Desde la plaza continuamos hacia un rincón menos conocido, pero igualmente fascinante de Chefchaouen: los lavaderos de Ras-el-Mâa. Tomando una de las estrechas calles que salen de la plaza hacia el este, nos dirigimos hacia el río del mismo nombre, que en árabe significa “cabeza de agua”, ubicado en las faldas de las montañas que rodean la ciudad. A medida que avanzábamos, flanqueadas entre las casas azules, el sonido del agua corriente se volvía más prominente, guiándonos hacia los lavaderos. En días festivos, esta zona se llena de vida. Las mujeres, con sus coloridos vestidos y sombreros de paja, se reúnen aquí para lavar ropa y socializar, mientras que los visitantes también aprovechan las pozas de agua para refrescarse.
La espiritualidad también es muy palpable en esta ciudad. Cuando volvíamos al centro, pudimos ver que los habitantes de Chefchaouen, en su mayoría musulmanes, acudían a las numerosas mezquitas que salpicaban la medina. La más imponente, la Gran Mezquita, construida en el siglo XV, es además un punto de referencia arquitectónico. Su minarete octogonal, visible desde casi cualquier punto de la ciudad, es un recordatorio de la devoción y la fe que impregnan este lugar. Deshicimos el camino andado, paseando nuevamente por las estrechas calles adoquinadas. El sol comenzaba a caer y la luz dorada del atardecer bañaba las fachadas de las casas, haciendo que los azules y los detalles arquitectónicos se destacaran aún más.
Datos útiles
Cómo llegar
- Se suele acceder desde Tangér. Aunque hay opciones de autobuses que conectan ambas ciudades, lo mejor es alquilar un auto y adentrarse por la Carretera Nacional 2.
- La distancia entre Tánger y Chefchaouen es de aproximadamente 110 kilómetros, un trayecto bien señalizado, con algunos sectores estrechos y curvas pronunciadas.
Alojamiento
Vale la pena alojarse en los riads, casas tradicionales marroquíes con aires palaciegos, transformadas en hoteles boutique. Se caracterizan por sus paredes y suelos decorados con azulejos, arcos de yeso tallado, áreas de descanso adornadas con cojines y mullidas alfombras, y patios interiores llenos de plantas y fuentes de agua.
Destacados
- Explorar la medina. Pasear sin rumbo fijo es la mejor manera de descubrir la ciudad.

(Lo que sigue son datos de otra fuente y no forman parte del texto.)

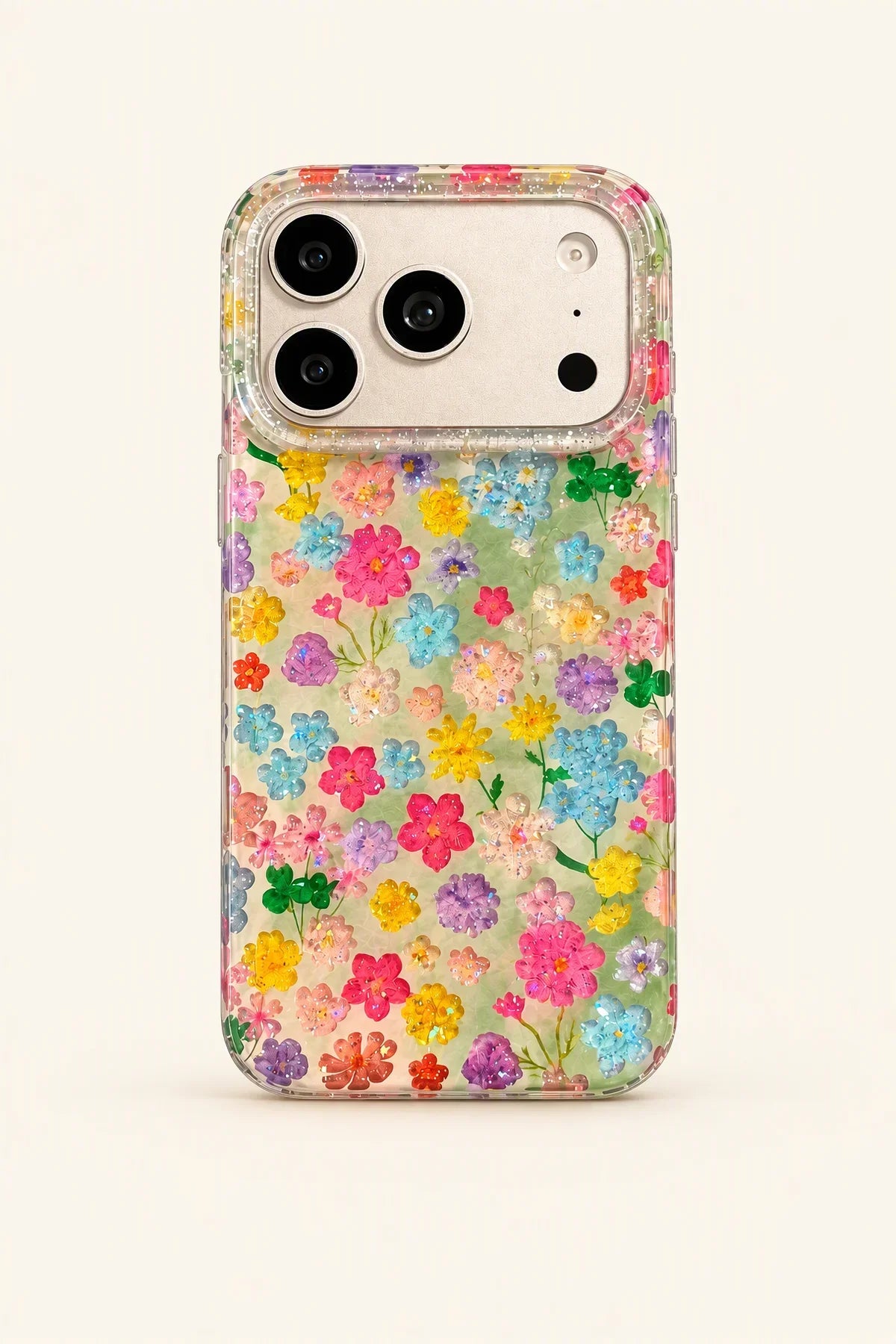 Garden Party Glitter Resin Phone Case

- Visitar los lavaderos de Ras-el-Mâa. Es un lugar perfecto para relajarse y disfrutar de la naturaleza.
- Probar la gastronomía local. Se destacan el tajine (guiso tradicional del norte de África, que incluye carne, pescado, pollo o cordero, vegetales y especies), acompañado del tradicional té de menta.
- Visitar el zoco o mercado de Chefchaoen, donde venden todo tipo de artesanías tradicionales.